* [Assigned task] Once the line containing "Henry: Portrait of" is reached in the listing below, reproduce it and all later lines through the final one exactly, but omit any pictures.

== Input data ==

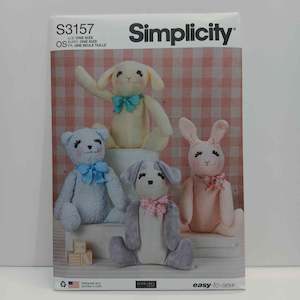 S3157 Plush Animals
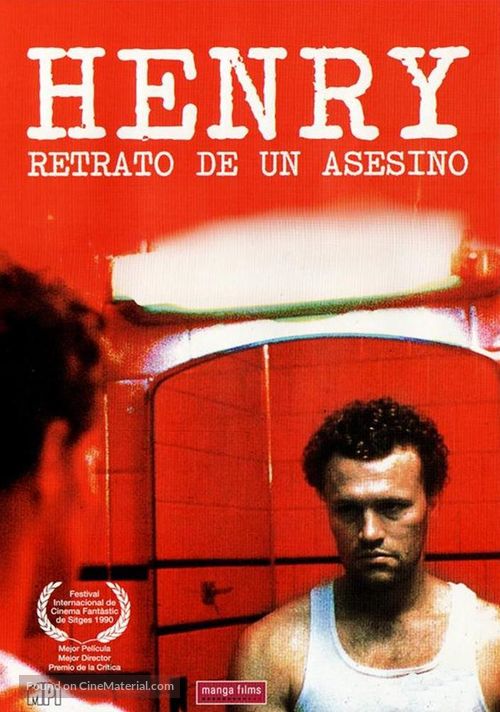 Henry: Portrait of a Serial Killer - Argentinian Movie Cover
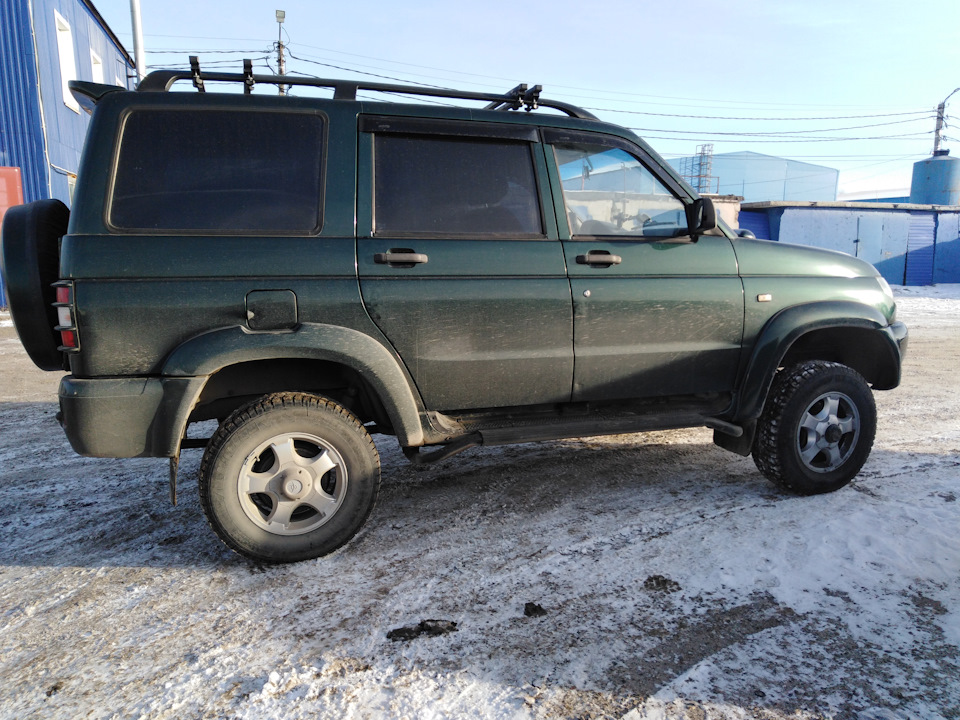 23. СТО по плану — УАЗ Patriot, 2,7 л, 2007 года | визит на сервис | DRIVE2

===

* [Finished exercise]
 Henry: Portrait of a Serial Killer - Argentinian Movie Cover
 23. СТО по плану — УАЗ Patriot, 2,7 л, 2007 года | визит на сервис | DRIVE2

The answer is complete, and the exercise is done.